Print, exactly as written, the line in the entries below that contains "Night view of Victoria Harbour in Hong Kong. Asia. Night" and every line after it up to and including the last. Omit pictures.

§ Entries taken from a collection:

◇ ◇ ◇ ◇

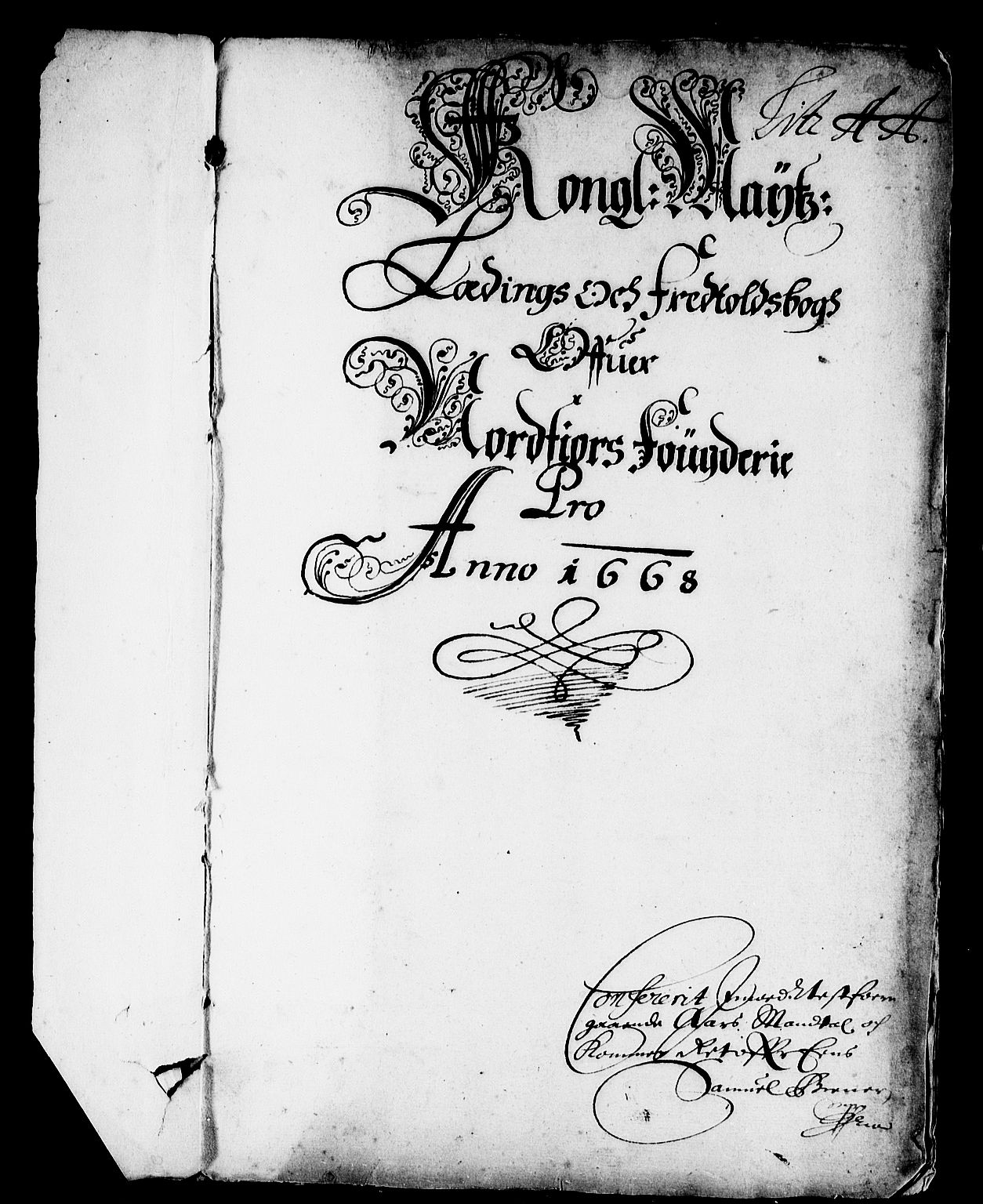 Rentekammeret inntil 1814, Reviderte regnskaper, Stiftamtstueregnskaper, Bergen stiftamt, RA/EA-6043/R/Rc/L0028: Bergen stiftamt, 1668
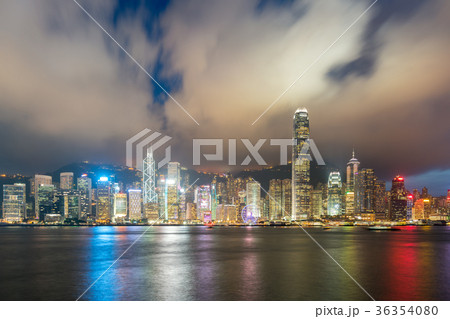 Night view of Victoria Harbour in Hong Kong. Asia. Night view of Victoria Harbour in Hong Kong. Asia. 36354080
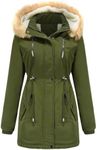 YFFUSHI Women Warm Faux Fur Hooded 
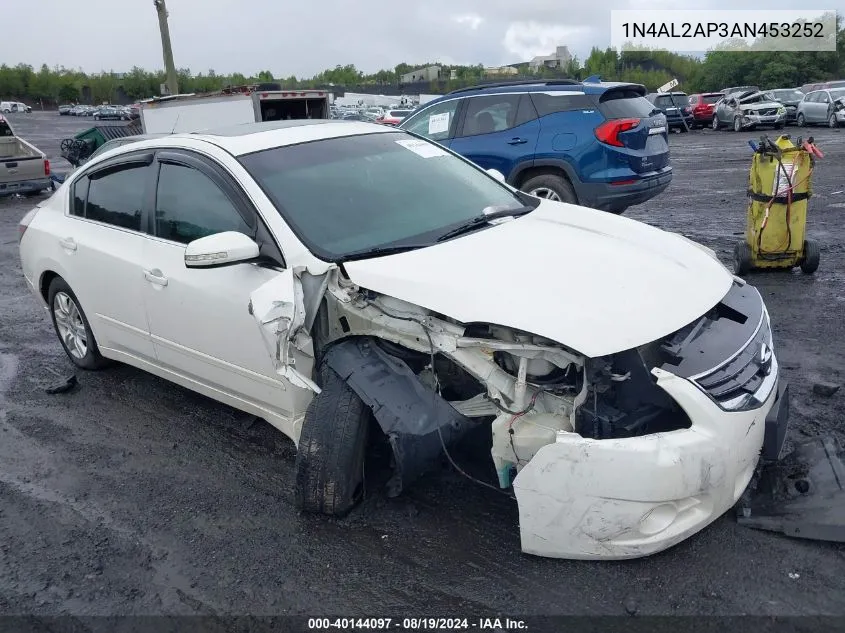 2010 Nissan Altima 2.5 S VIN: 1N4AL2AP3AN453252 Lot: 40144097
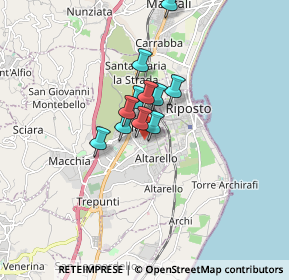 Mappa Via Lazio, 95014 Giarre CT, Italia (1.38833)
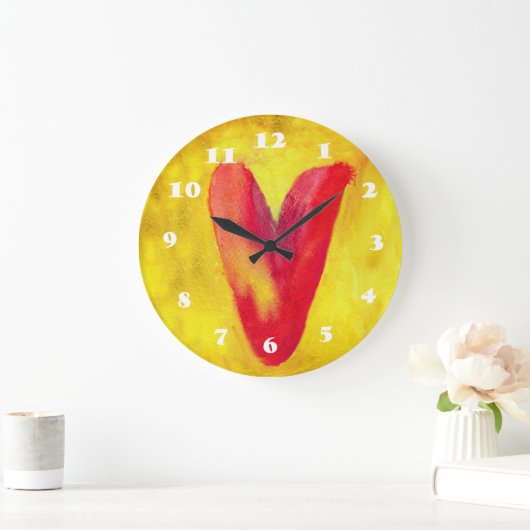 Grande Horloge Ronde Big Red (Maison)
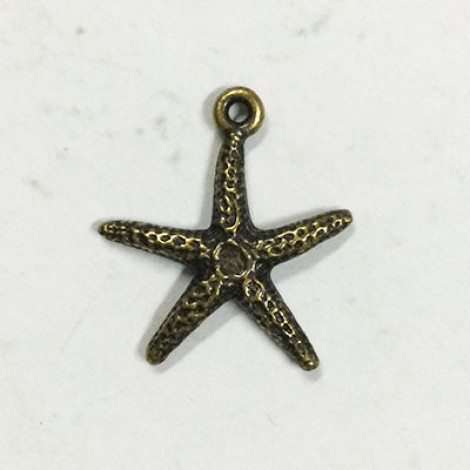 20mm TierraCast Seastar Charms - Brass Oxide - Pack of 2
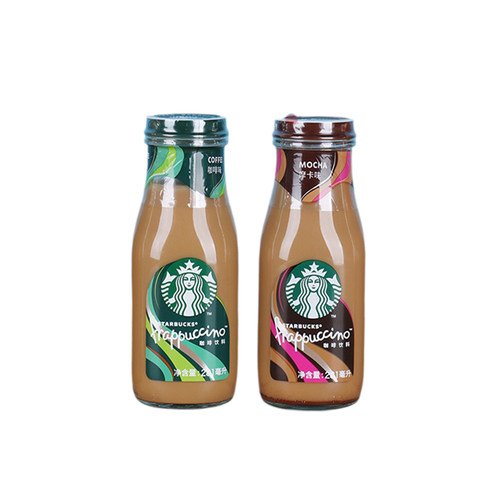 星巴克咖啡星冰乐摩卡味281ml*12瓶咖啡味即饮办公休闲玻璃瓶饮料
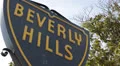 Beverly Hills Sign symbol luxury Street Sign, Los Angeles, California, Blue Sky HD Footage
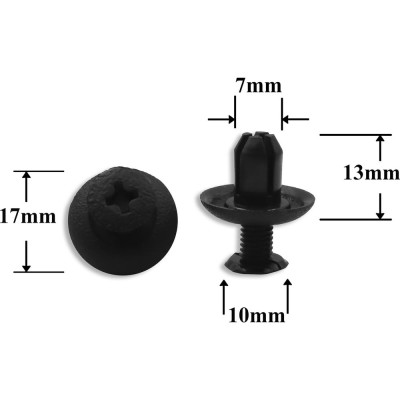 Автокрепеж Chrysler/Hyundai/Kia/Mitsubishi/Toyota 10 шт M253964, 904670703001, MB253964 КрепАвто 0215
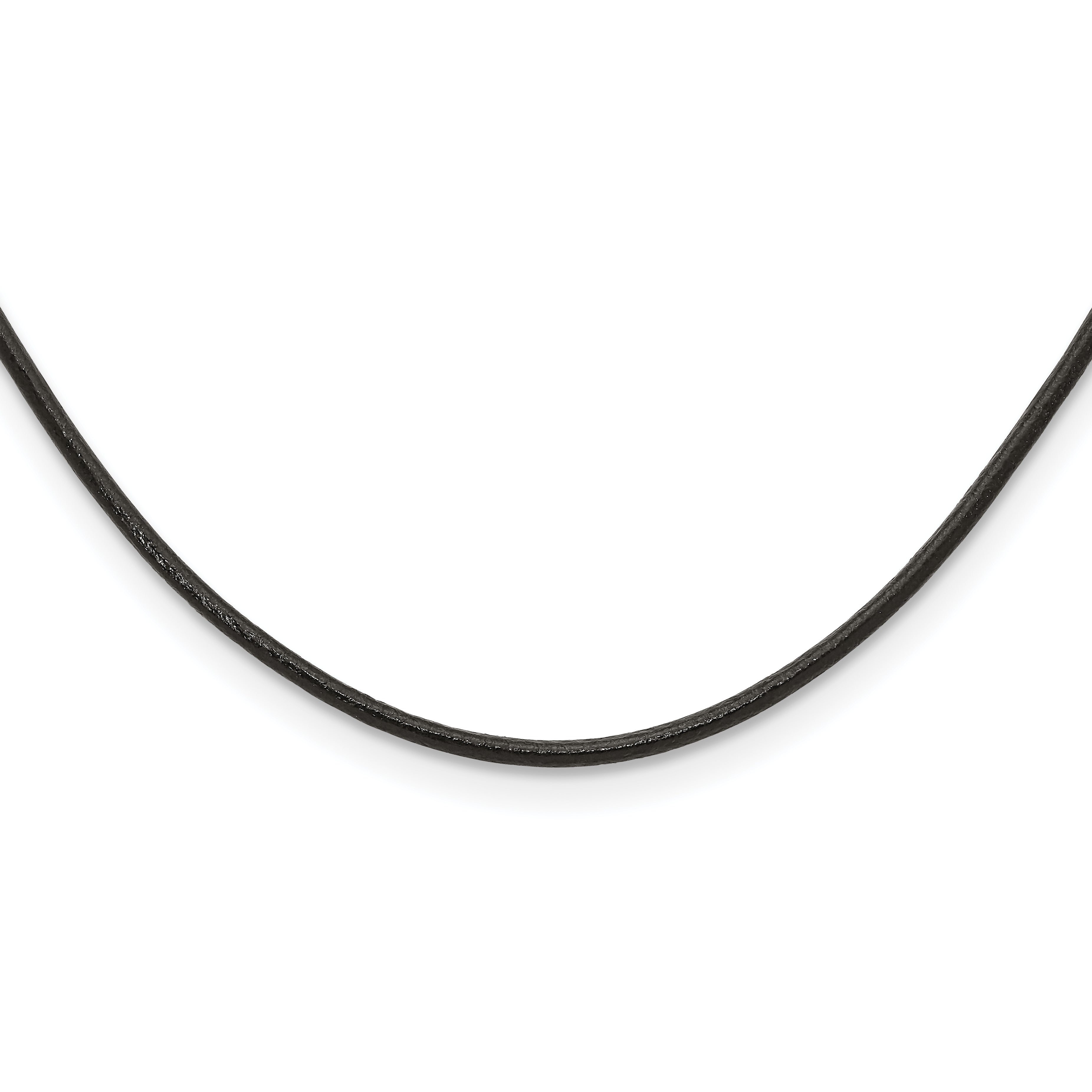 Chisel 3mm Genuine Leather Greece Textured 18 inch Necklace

◇ ◇ ◇ ◇

§ Answer to this task:
 Night view of Victoria Harbour in Hong Kong. Asia. Night view of Victoria Harbour in Hong Kong. Asia. 36354080
 YFFUSHI Women Warm Faux Fur Hooded 
 2010 Nissan Altima 2.5 S VIN: 1N4AL2AP3AN453252 Lot: 40144097
 Mappa Via Lazio, 95014 Giarre CT, Italia (1.38833)
 Grande Horloge Ronde Big Red (Maison)
 20mm TierraCast Seastar Charms - Brass Oxide - Pack of 2
 星巴克咖啡星冰乐摩卡味281ml*12瓶咖啡味即饮办公休闲玻璃瓶饮料
 Beverly Hills Sign symbol luxury Street Sign, Los Angeles, California, Blue Sky HD Footage
 Автокрепеж Chrysler/Hyundai/Kia/Mitsubishi/Toyota 10 шт M253964, 904670703001, MB253964 КрепАвто 0215
 Chisel 3mm Genuine Leather Greece Textured 18 inch Necklace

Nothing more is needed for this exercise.